Uh, because, mermaids. Duh.
I was given the Oceanic Tarot deck to review from Cico books and, therefore, *squeee*. The Oceanic Tarot deck is how it sounds: ocean themed. The author scuba dives and their work reflects their love for the ocean. It’s no surprise that this is the theme of the deck. Her love for the ocean shines through the cards.
The deck comes in a very sturdy box, made to be proudly displayed. The box opens from the side, a cute feature that I haven’t come across yet. I still can’t get over how cool the box is. It now lives beside my Beautiful Creatures deck.
Let’s talk about the book
The booklet that comes with the Oceanic Tarot deck is more than a LWB (little white booklet). It’s just as much a work of art as the deck is. A female mermaid reaching up to the sky is displayed on the matte cover: “Oceanic Tarot: Discover the Secrets and Wisdom of the Sea.” The Oceanic Tarot LWB is in full color and the size of a small, square book.
Each card, the author explains, has both an “easy meaning” and a “quick advice.” Those two features make the deck ideal for a beginner and a one-card drawing. Practical tips are included, covering imprinting your energy to reading the cards.
How one begins to read the cards follows in the next section. That part of the book goes step-by-step to guide the beginner through the cards. For instance, the Oceanic Tarot book suggests that you start by setting your intention, and addresses the idea that no one else is to touch your cards. Following that, the author outlines some simple spreads, and then spreads that are more complicated. I, personally, won’t be at the point where I can do those anytime soon.
How the book makes reading so simple
The LWB follows other decks in the sense that it gives the basics generally in the same order as others. However, the author adds not only the basic introduction for Tarot, but also suggestions on how to read the cards. You’ll find in the next section that there is a basic something or other that the author includes in the cards.
For the ease of the reader, the author lays out the Oceanic symbols for each suit in a chart. She also goes on to give a one word key term from Ace through Ten by the numbers. I found this incredibly beneficial for the beginner because it’s a guide through the cards that still allows your intuition to prosper through the reading. Another feature of the Oceanic Tarot in the LWB for the minor arcana is that there are meanings for “you” cards. Those cards are the o=positions of a spread that reveal you and your current situation.
The Oceanic Tarot cards
The cards are meant to stimulate your intuition.

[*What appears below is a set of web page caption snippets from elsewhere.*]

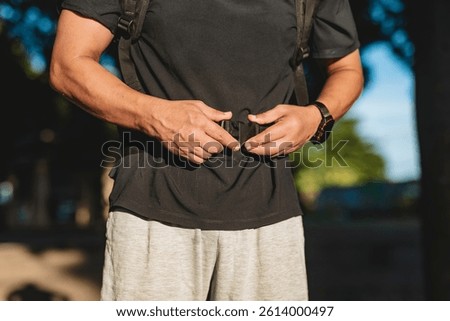 Anonymous middle aged man preparing for a ruck walk by securing the waist strap of a weighted backpack in a sunny park. Closeup shot.
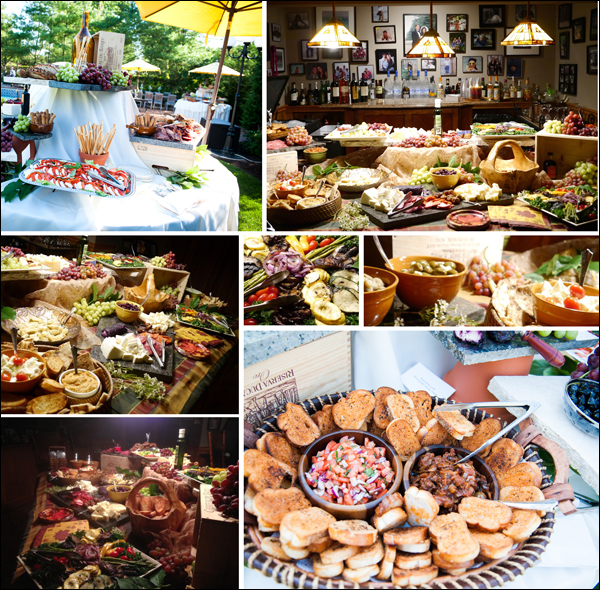 Tuscan style catering featuring a plentiful display of antipasto presented on marble, aged wine crates and terracotta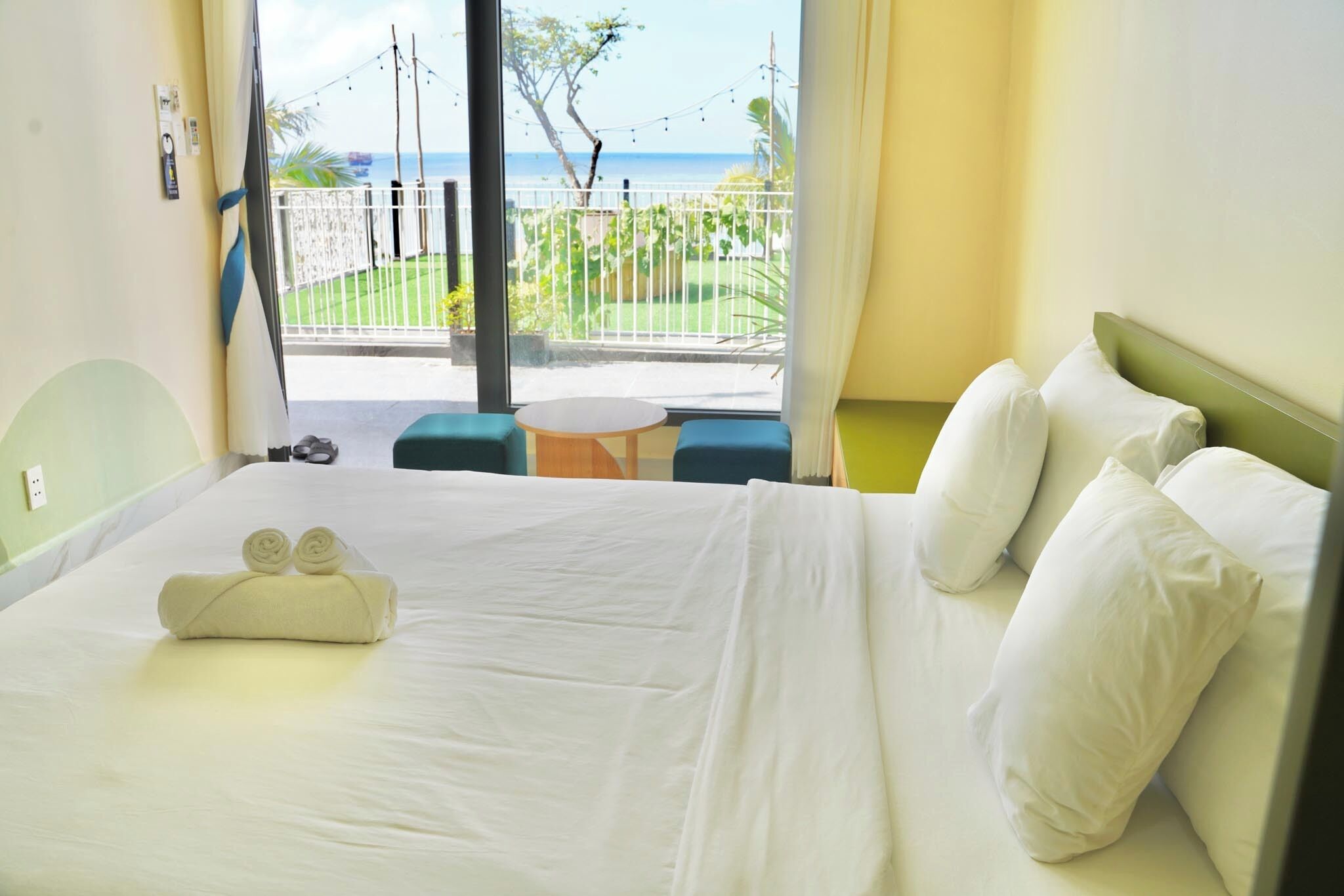 A hotel room with a bed, pillows, a small round table, and a view of the ocean through large windows.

I’ve heard that the proper way to read Tarot is by using your intuition rather than memorizing the meanings. I appreciate the simplicity of the cards. The Oceanic Tarot deck, much like the Under the Roses Lenormand deck, has little else going on in the background of the major arcana. I mention only the major Arcana because the minor arcana are simply the number of the suit with a generic background.
The Oceanic Tarot deck’s Minor Arcana at first disappointed me. I wanted to see more artwork than what it was giving me but I quickly learned that the lack of unique pictures didn’t detract from the cards. At the bottom of every card, both major arcana and minor arcana, have a keyword. I absolutely love that. For instance, the King of Cups’ keyword is “understanding.” The book goes on to say that the King can be distant sometimes. By the look on his face I could tell that he was out of focus, transfixed by some thought he had.
The illustrations of the cards is simple water-works, unlike the Tarot of the Night or Tarot Gothica. This is simple and doesn’t try to make the pictures seem realistic. The artist embraces what she’s good at and it works well with the cards. In fact, I don’t think more “realistic” (for lack of a better word) illustrations would look as good as this. Whereas Tarot Gothica looks like a picture taken on a camera, the Oceanic Tarot doesn’t try to pretend to be something it’s not.